58. The compound of any one of claims 13-16, 21-22, 25-31, or 33-57, wherein R ⁴ Is R ^k -C(＝O)-、R ^k -O-C (=o) -, or at the 2-position by R ^k -C(＝O)-、R ^k -O-C (=o) -substituted 1-ethylene.

59. The compound of any one of claims 13-16, 21-22, 25-31, or 33-57, whichR in (B) ⁴ Is R ^k -S(O) ₂ -O-、R ^c R ^d NS(O) ₂ -、R ^e S(O) ₂ NR ^f -, or at the 2-position by R ^k -S(O) ₂ -O-、R ^c R ^d NS(O) ₂ -or R ^e S(O) ₂ NR ^f -substituted 1-ethylene.

60. The compound of any one of claims 13-16, 21-22, 25-31, or 33-58, wherein R ⁴ Is R ^k -C (=o) -or R ^k -O-C(＝O)-。

61. The compound of any one of claims 1-19, 25-31, or 33-60, wherein the compound of formula I comprises a structure of formula (Ia) or formula (Ib):

62. the compound of any one of claims 1-19, 25-31, or 33-61, wherein the compound of formula I comprises a structure of formula (Ia):

63. the compound of any one of claims 1-19, 21-23, 25-31, or 33-62, wherein R ^a Is H, (C) ₁ -C ₆ ) Alkyl, (C) ₂ -C ₆ ) Alkenyl or (C) ₂ -C ₆ ) Alkynyl, any of which (C ₁ -C ₆ ) Alkyl, (C) ₂ -C ₆ ) Alkenyl or (C) ₂ -C ₆ ) Alkynyl groups are optionally substituted with one or more groups independently selected from the group consisting of: halo, -SH, cyano, oxirane, (C) ₃ -C ₈ ) Cycloalkyl, (C) ₁ -C ₆ ) Alkoxy, (C) ₁ -C ₆ ) Alkylthio and NR ^g R ^h 。

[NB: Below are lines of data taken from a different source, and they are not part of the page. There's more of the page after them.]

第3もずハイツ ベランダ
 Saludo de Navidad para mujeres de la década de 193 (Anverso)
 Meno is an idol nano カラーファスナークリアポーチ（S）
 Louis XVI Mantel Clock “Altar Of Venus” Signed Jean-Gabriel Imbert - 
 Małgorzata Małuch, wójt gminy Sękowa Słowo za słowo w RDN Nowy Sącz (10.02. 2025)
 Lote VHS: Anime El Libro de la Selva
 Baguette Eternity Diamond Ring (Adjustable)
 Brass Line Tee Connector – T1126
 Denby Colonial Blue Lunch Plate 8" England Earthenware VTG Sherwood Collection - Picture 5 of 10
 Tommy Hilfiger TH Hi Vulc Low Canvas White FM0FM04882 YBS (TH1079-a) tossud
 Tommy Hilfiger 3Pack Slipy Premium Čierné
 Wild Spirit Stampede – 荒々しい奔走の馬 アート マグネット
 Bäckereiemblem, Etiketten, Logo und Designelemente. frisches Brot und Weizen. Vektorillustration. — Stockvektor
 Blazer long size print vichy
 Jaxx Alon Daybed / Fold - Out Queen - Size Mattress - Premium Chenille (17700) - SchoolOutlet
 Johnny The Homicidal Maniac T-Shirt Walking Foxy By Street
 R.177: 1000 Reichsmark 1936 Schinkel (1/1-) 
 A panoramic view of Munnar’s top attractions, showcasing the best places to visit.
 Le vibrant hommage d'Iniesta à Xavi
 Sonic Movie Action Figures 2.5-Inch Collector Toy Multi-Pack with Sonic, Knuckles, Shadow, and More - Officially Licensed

64. The compound of any one of claims 1-19, 21-23, 25-31, or 33-63, wherein R ^a Is H, (C) ₁ -C ₆ ) Alkyl, (C) ₂ -C ₆ ) Alkenyl or (C) ₂ -C ₆ ) Alkynyl, any of which (C ₁ -C ₆ ) Alkyl, (C) ₂ -C ₆ ) Alkenyl or (C) ₂ -C ₆ ) Alkynyl is optionally substituted with one or more groups independently selected from halo, -SH, cyano and NR ^g R ^h The groups of the group are substituted.

65. The compound of any one of claims 1-19, 21-23, 25-31, or 33-64, wherein R ^a Is H or is optionally substituted with one or more substituents independently selected from halo, -SH, cyano and NR ^g R ^h Group-substituted (C) ₁ -C ₆ ) An alkyl group.

66. The compound of any one of claims 1-19, 21-23, 25-31, or 33-65, wherein R ^a Is H or (C) ₁ -C ₆ ) An alkyl group.

67. The compound of any one of claims 1-19, 21-23, 25-31, or 33-66, wherein R ^a Is H.

68. The compound of any one of claims 1-19, 21-23, 25-31, or 33-66, wherein R ^a Is not H.

69. The compound of any one of claims 1-3, 25-31, or 33-68, wherein the fused ring a is selected from the group consisting of:

70. the compound of any one of claims 1-3, 25-31, or 33-69, wherein the fused ring a is selected from the group consisting of:

71. The compound of any one of claims 1-3, 25-31, or 33-70, wherein the fused ring a is selected from the group consisting of:

72. the compound of any one of claims 33-68, wherein the fused ring a is

73. The compound of any one of claims 33-68, wherein the fused ring a is selected from the group consisting of:

74. the compound of any one of claims 33-68 or 73, wherein the fused ring a is selected from the group consisting of:/>

75. the compound of any one of claims 33-68 or 73, wherein the fused ring a is

76. A pharmaceutical composition comprising a compound according to any one of claims 1-75 and a pharmaceutically acceptable diluent or carrier.

77. A method of treating a pathological condition in an animal comprising administering to the animal a compound according to any one of claims 1-75, or a pharmaceutically acceptable salt thereof, or a pharmaceutical composition according to claim 76.

78. A method of stimulating an immune response in an animal comprising administering to the animal a compound according to any one of claims 1-75, or a pharmaceutically acceptable salt thereof, or a pharmaceutical composition according to claim 76.

79. A method of treating cancer in an animal comprising administering to the animal a compound according to any one of claims 1-75, or a pharmaceutically acceptable salt thereof, or a pharmaceutical composition according to claim 76.

80. A method of synthesizing the compound of any one of claims 1-75, the method comprising performing a reaction according to any one of reaction schemes 1-5.